Un passo decisivo contro l’ipotesi d’un creatore, dice Max Müller, è uno tolto dal Brahma jâla sûtra, il primo nel Dîrgha nikâya, che è a sua volta la prima opera del Sûtra pitaka, o della collezione dei Sûtra.2 In esso libro il Buddha parla intorno a diciotto differenti sètte; fra le quali una è descritta come credente nell’esistenza d’un creatore; ed è contro la fede di quella che egli porta i suoi argomenti. «Verrà un tempo, o Bikshu, egli dice, che dopo un lunghissimo corso di secoli, questo mondo sarà distrutto. — Dopo la distruzione del mondo, voi sapete che molti esseri ottengono l’esistenza nell’Abhâsvara brahmalôka, che è il sesto nella serie (dei Brahmalôka), e nel quale la vita si continua per otto kalpa. Quivi sono esseri spirituali, con corpi puri, incontaminati da cattive passioni; essi hanno piaceri intellettuali, risplendono di per sè stessi, traversano l’aria senza impedimento, e rimangono per molto tempo immersi nella felicità.

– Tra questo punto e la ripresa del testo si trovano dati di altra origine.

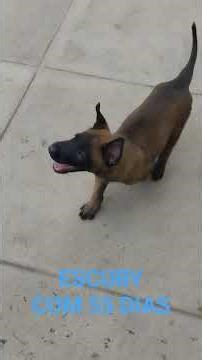 5 de fevereiro de 2026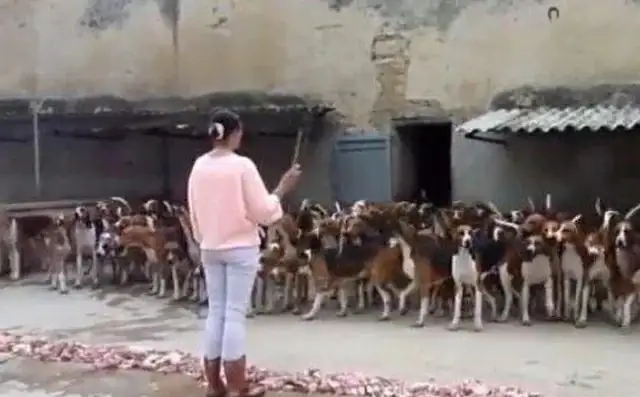 One hundred and fifty dogs go to dinner. Big family dogs have rehearsals. Dogs know how to eat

Passato un altro gran numero di secoli anche questo mondo, detto Abhâsvara, si riproduce, e ne esce fuori il mondo chiamato Brahma-vimâna (il 3.° Brahmalôka).3 — Ora, in un tempo remoto, quando il nuovo mondo Brahma-


  1. Abidharma Kôça vyakhya di Vasumitra, commentato da Yaçômitra, — Burnouf, i, p. 572. — Koeppen, p. 228-230).
  2. Il Brahma jâla sûtra, nell’Indice del Kan gyur pubblicato da Schmidt (Pietroburgo 1845), è la 350.a opera, e la 256.a della collezione dei Sûtra.
  3. Per questi diversi mondi vedi più innanzi a p. 152-153.